Quadrature encoder and generated signals

The sensors and markings are arranged so that when the encoder is turning, the sensor signals generate two pulse trains 90° out of phase. If the disk is turning in a forwards direction, the primary channel edges will lead the secondary channel edges. If the disk is turning in a backwards direction then the primary channel edges will lag the secondary channel edges. If there are no signal edges on either channel after a period of time, then the encoder has stopped turning (or is turning slowly enough to be considered stationary).

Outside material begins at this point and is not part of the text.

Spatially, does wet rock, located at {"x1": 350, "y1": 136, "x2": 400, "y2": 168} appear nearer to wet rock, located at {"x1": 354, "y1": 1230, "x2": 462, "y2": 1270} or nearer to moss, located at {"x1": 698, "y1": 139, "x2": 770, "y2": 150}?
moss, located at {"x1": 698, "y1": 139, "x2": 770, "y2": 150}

Figure 5.10. Direction of encoder and generated signals

Direction of encoder and generated signals

The quadrature decode block measures the primary and secondary channels, determines the direction at each pulse and counts the pulses. If the encoder is turning forwards then for each edge on the primary and secondary channels, the block increments the count. If the encoder is turning backwards then for each edge on the primary and secondary channels, the block decrements the count. When the block iterates, it outputs the count of pulses and resets the count to zero.

For instance, if the encoder turns forwards for nine edges between iterations of the block, the block output will be nine. If the encoder turns forwards for six edges and then backwards for two edges between executions of the block, the block output will be four.

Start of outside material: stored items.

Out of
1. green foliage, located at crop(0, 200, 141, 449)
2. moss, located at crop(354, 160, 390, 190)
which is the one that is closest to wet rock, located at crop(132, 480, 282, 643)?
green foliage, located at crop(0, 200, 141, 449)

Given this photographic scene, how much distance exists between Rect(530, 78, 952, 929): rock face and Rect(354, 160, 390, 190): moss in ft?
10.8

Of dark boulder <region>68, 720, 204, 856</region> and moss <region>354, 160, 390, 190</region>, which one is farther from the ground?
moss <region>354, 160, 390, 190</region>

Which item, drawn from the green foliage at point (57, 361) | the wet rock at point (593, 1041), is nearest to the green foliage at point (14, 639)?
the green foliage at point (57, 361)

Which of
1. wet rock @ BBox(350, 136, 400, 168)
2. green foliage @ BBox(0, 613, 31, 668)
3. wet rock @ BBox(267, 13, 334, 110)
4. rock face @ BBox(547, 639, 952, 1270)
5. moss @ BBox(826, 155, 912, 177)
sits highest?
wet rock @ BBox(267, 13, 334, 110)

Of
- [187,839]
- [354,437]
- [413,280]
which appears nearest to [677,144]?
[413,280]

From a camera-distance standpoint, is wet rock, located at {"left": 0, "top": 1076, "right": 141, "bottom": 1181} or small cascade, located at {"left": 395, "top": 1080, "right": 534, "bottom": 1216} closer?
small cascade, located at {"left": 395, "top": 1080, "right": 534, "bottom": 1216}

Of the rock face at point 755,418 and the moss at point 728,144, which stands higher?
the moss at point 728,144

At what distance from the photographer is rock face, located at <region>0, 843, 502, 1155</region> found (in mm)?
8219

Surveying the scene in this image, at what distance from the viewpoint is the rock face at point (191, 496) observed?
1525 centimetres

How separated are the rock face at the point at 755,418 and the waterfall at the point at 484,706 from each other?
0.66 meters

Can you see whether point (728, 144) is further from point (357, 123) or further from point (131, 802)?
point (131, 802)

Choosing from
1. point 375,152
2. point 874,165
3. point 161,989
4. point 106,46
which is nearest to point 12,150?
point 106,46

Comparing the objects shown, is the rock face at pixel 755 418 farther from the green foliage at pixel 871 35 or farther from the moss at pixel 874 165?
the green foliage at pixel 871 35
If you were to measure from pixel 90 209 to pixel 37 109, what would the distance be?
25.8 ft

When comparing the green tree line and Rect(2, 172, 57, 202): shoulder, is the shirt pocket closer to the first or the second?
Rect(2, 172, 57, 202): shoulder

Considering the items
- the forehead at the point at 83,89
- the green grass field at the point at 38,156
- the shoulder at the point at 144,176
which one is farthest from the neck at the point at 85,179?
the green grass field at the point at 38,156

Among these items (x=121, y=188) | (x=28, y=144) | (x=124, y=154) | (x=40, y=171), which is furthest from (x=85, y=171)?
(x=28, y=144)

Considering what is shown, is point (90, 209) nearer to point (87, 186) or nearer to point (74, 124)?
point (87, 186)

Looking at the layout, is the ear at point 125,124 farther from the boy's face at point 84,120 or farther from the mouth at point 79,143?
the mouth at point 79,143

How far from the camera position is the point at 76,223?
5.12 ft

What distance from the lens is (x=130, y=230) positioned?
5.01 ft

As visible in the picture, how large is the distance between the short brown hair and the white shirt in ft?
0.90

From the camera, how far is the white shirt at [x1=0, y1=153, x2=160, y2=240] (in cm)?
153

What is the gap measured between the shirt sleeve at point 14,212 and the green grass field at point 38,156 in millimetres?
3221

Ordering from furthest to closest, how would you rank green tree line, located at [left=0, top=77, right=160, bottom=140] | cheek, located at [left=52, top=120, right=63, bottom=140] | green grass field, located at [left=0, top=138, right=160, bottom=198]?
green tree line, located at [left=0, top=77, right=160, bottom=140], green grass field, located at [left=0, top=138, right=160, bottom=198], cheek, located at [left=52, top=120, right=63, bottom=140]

Figure 5.11. Pulse count example

Pulse count example

Note

Some encoders provide an index signal and some encoders provide complement signals of the primary and secondary signals, both for the purposes of improving reliability. This block does not decode these signals.

5.1.87.4. Inports

  • sim_input

    Only used in simulation. place the sum of edges here to simulate the number of edges sensed since the last iteration of this block. A value of zero indicates that the encoder position is at the same place as it was when the block was last iterated.

    Range: [-8388608, 8388607] edges (for M221, M250, M460, M461 and M670 targets)

5.1.87.5. Outports

  • edges_sensed

    The count of edges sensed since the last time the block was iterated. A value of zero indicates that the the encoder position is at the same place as it was when the block was last iterated.

    Range: [-8388608, 8388607] edges (for M221, M250, M460, M461 and M670 targets)

5.1.87.6. Mask parameters

  • Primary channel

    The input pin sourcing the primary signal to measure. The relationship between the primary and secondary channels is explained above.

  • Secondary channel

    The input pin sourcing the secondary signal to measure. The relationship between the primary and secondary channels is explained above.

  • Sample time

    The periodicity of the block iterations.

    Range: [0.001, 3600] seconds

5.1.87.7. Notes

  • If the edges_sensed outport is zero, it means the encoder position is in the same position as it was when the block was last iterated. This can occur if the encoder position has not moved, or if the encoder position has moved and returned to its original position. This should be kept in mind if the block will be used to derive the encoder's velocity.

  • The block iteration period must be sufficient to ensure that the sum of leading and lagging edges is no more than 32767 between iterations of the block. If the sum of edges is greater than 32767 then the edges_sensed outport will contain the sum of edges modulo 32768.